I agree that this is a version of the features-gates-on-stable proposal: just a relatively weakened one, and with the opposite emphasis. The real transition mechanism is editions. But between editions, we have this mechanism to let you get a temporary “preview” of what is to come.

Overall, I see basically five ways forward when it comes to keywords. Here are the pros/cons I see in short:

  • Use some less good syntax in the interim. e.g., do try { ... } instead of try { .. }.
    • Pro: keywords available to all immediately, easy to migrate to new edition
    • Con: Looks funny, might not always work?
  • Use #![keywords(foo)] to opt-in on a limited basis.
    • Pro: easy to implement, sort of easy to explain
    • Con: lets people subset the language in the middle of an edition
  • Minor-editions (2018.1)
    • Pro: keeps the language moving forward in lock step in some sense
    • Con: seems like a lot of machinery, confuses the messaging in some sense
  • Reserve keywords
    • Pro: have the syntax you want…
    • Con: …if you can predict and agree upon it in advance (i.e., puts the bikeshed first and foremost, before we’ve even fully designed the feature!). Also, if we reserve multiple keywords, causes more pain than will be needed.
  • Wait it out
    • Pro: simple
    • Con: long time to wait sometimes!

Are there more possibilities?


Cool, thanks. So it does seem that scope is the significant bit here.

I’m still a fan of “Reserve keywords” personally.


Have a use-site marker for something being a keyword, like we have r#loop to make something an ident instead of a keyword. Has a bonus of making it possible to write code that works both before and after the edition that reserves it, and is a localized thing, not a crate-level attribute.

This is a big part of why I think the “just wait for the next train” that works well for our regular releases cannot work for editions. And it’s even worse because it’s not only long, it’s uncertain. I’ve heard 2021 a bunch, but I’ve also heard shorter and longer.


I’d be concerned that this may be confused with versions. Using arbitrary identifiers: Someone may try to unlock “2018.3”, then wonder why it hasn’t worked, only to find they need both that and the Rust 1.23 compiler.

It might also be confusing if the minor edition gates keywords but not other syntax changes (e.g. elisions).

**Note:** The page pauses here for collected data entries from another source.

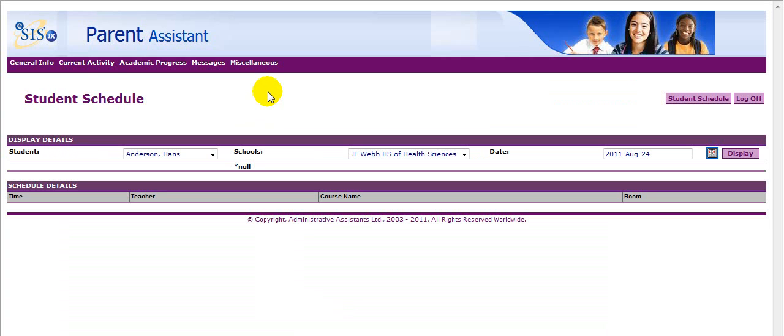You will be able to see the time the class meets, the teacher, the course name, and the room. Note that you may also select student schedules from the radio button on the right-hand side of your screen. This concludes the NCWISE Parent Assistant presentation, brought to you by the North Carolina Department of Public Instruction.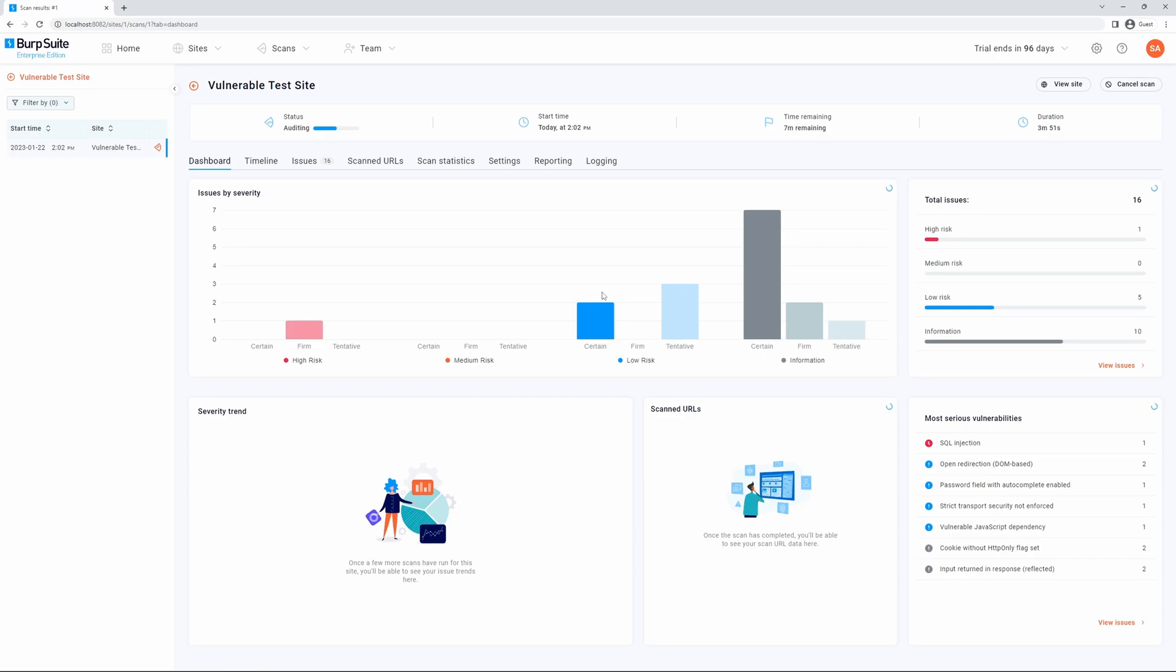In this video, we'll be discussing viewing scan details. You can view details for running or completed scans. The information available changes depending on the scan status. To view scan details, you can navigate through the various tabs.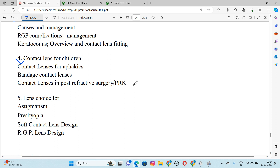Number 5 is Lens Choice for Astigmatism. It means that when the patient has a refractive error or astigmatic condition, how do we suggest the choice and measurement? We have two types of contact lenses included: Soft Contact Lens Design and RGP Lens Design. We will study the total contact lens options.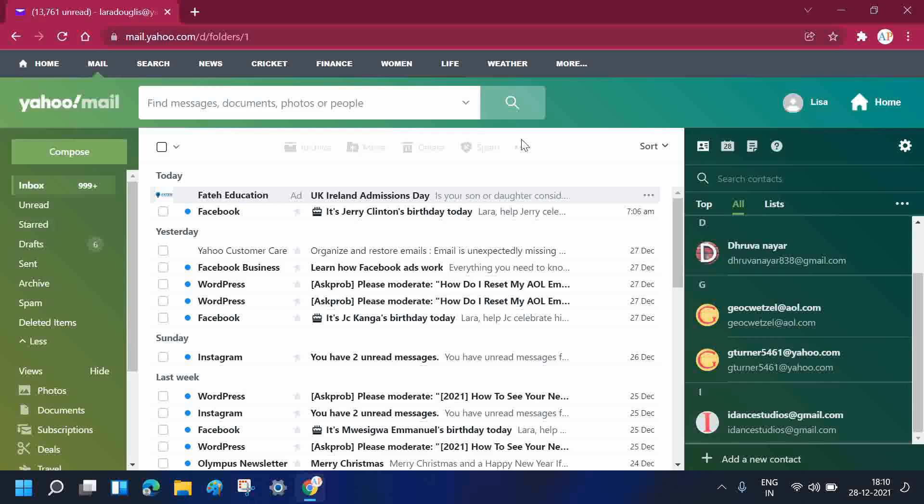So this was the video about how to delete contacts on the Yahoo account. If you want to add any contacts, I have made a separate video on it. You can go to the I button and click on it. You will see that video. Thank you for watching this video.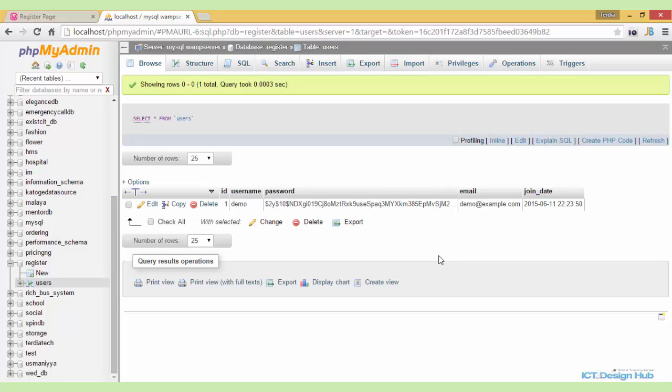Next, we will look at validating user inputs to ensure that the correct input is being inserted into the database.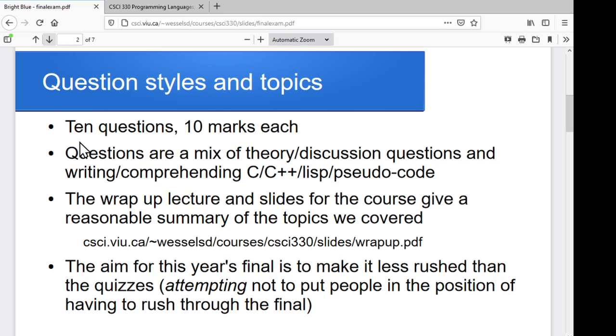Usual question styles — a mix of theory and discussion, some C, some C++, some LISP, some pseudocode. So a little bit of everything in there.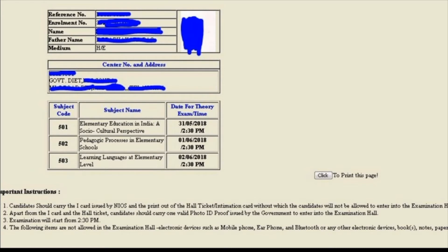You can see the instructions in this video. Candidates should carry the ID card issued by NIOA and the printout of the hall ticket to get the Intimation card, without which the candidate will not be allowed to enter into the examination hall. Candidate teachers have to print out the identity card.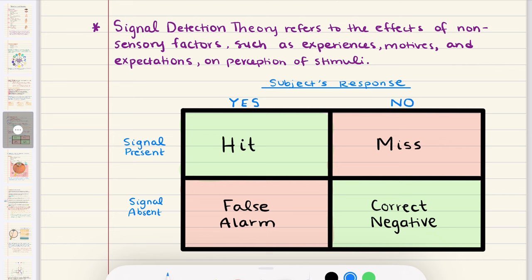In a basic signal detection experiment, many trials are conducted where a stimulus may or may not be presented. Trials where the signal is presented are called catch trials; trials where it's not are called noise trials. After each trial, the subject indicates whether a signal was given. There are four possible outcomes: hits (subject correctly perceives the signal), misses (subject fails to perceive a given signal), false alarms (subject perceives a signal when none was given), and correct negatives (subject correctly identifies that no signal was given).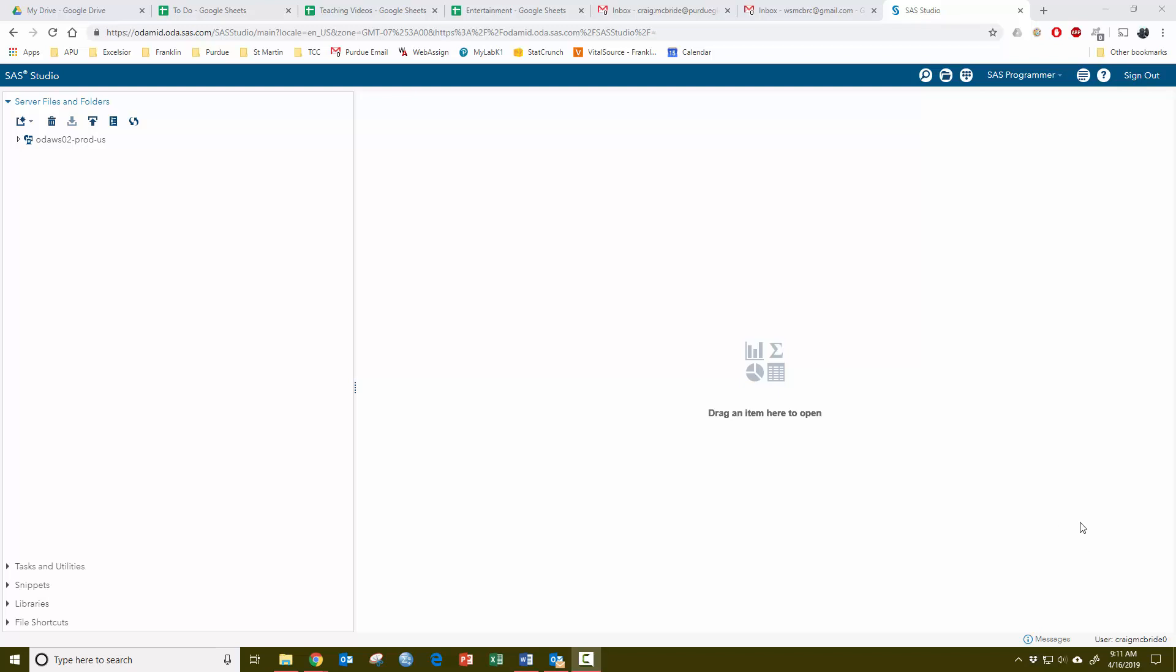Welcome to this quick tutorial on how to load data into SAS Studio, the online version of SAS. From the first menu option up here, the server files and folders, you just want to start opening these up until you get to your files.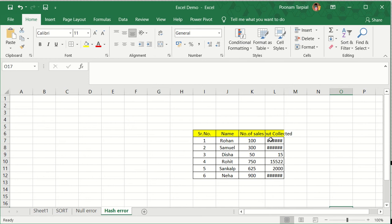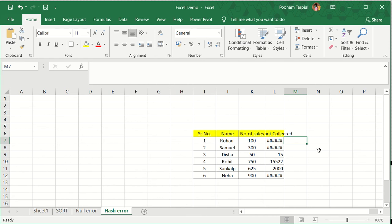You can see that I am able to see this hash. Now, I need to tell you this hash normally pops up — actually it is not an error. What is happening is when you are mentioning numbers in a specific cell in an Excel sheet, and if that number is not fitting up in the width of the cell, then this hash error normally pops up.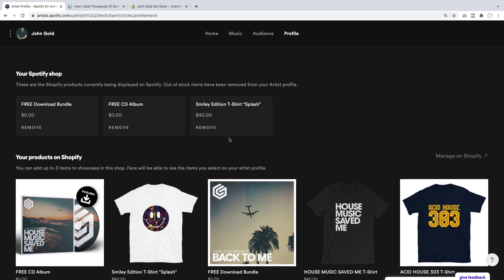These are going to be my three products: a free download, the free CD — both of which are what the marketing world calls a lead magnet, a very easy-to-decide offer for a fan because they don't have to pay anything — and then the T-shirt for T-shirt lovers. The great thing about this integration is that any changes you make inside Spotify for Artists are going to be instantly live on your Spotify page. Let me open my Spotify app and look at my artist profile to show you how the merchandise shows up.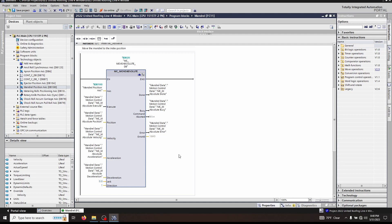If you're not familiar with the MC_Home function, please watch the video that I've done about that function. As with all motion control axes, you will need the MC_Power, MC_Reset, and MC_Halt. MC_Power turns on the axis, MC_Reset clears any faults, and MC_Halt stops the axis if there is any undesired motion.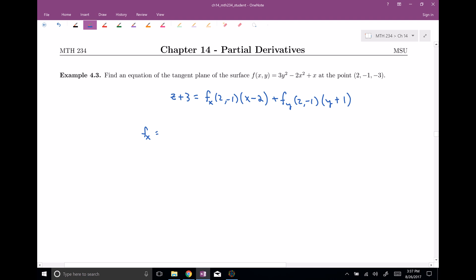In order to find the equation of this tangent plane, I need the x partial derivative and the y partial derivative evaluated at this point. So f sub x: when I take the derivative with respect to x, this term goes away — that's zero — and I get negative four x plus one. F sub y: I'll have six y, and all the other terms are constant so they go away. Now evaluating at the point (2, -1): for f sub x, I have negative eight plus one, that's negative seven. And for f sub y, with y equal to negative one, we get negative six.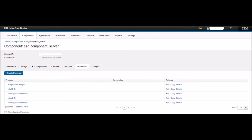When everything is done, the Process tab of the EAR_component_server component will have five different processes: regenerate plugin, start IHS, start application server, stop IHS, and stop application server. In the next section we will create a uDeploy application and map the components.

There was a post on one of the RFCs (I do not remember which) from one of the serde(?) maintainers about syntax and backwards compatibility. They said, in effect, that they’re careful to upgrade to new compilers only when they can improve their API, specifically to avoid accidentally relying on ergonomic features. Minor editions may meet their needs better, since they’d be able to get the bugfixes and performance improvements of a new compiler without worrying about accidentally relying on those features.

On the other hand, I’d expect that to spike front-end complexity, as the minor editions could never be eliminated, and it butchers the epoch RFC’s guidance:

When opting in to a new epoch, existing deprecations may turn into hard errors, and the compiler may take advantage of that fact to repurpose existing usage, e.g. by introducing a new keyword. This is the only kind of breaking change a epoch opt-in can make.

If keyword gates are used, there should also be a “warn” level lint released ahead of the next edition to prepare for eliminating the keyword gate. This, then, implies that any keywords added after the “lint window” must be gated–they shouldn’t be included in the edition, because, otherwise, there wouldn’t be enough downstream notice.

Is there a variant of this that leverages a new rustup channel? I’m imagining something after “stable”, with the only difference being keyword reservation. When a word loses a meaning In linguistics, it’s called “archaic”. It has a negative connotation when applied to computer programs, but it’s as good a word as any to explain the channel’s motive.


Contextual keywords, not always feasible, but it was done for union keyword.


Specifically, not possible for try, fail, throw and such cases.


Fair enough, I suppose the alternative to fail and throw could be to use macro syntax, which is yet another possibility for the list (in fact, that’s what failure crate already does with bail! macro). This isn’t feasible for try for obvious reasons, although those situations should be rare.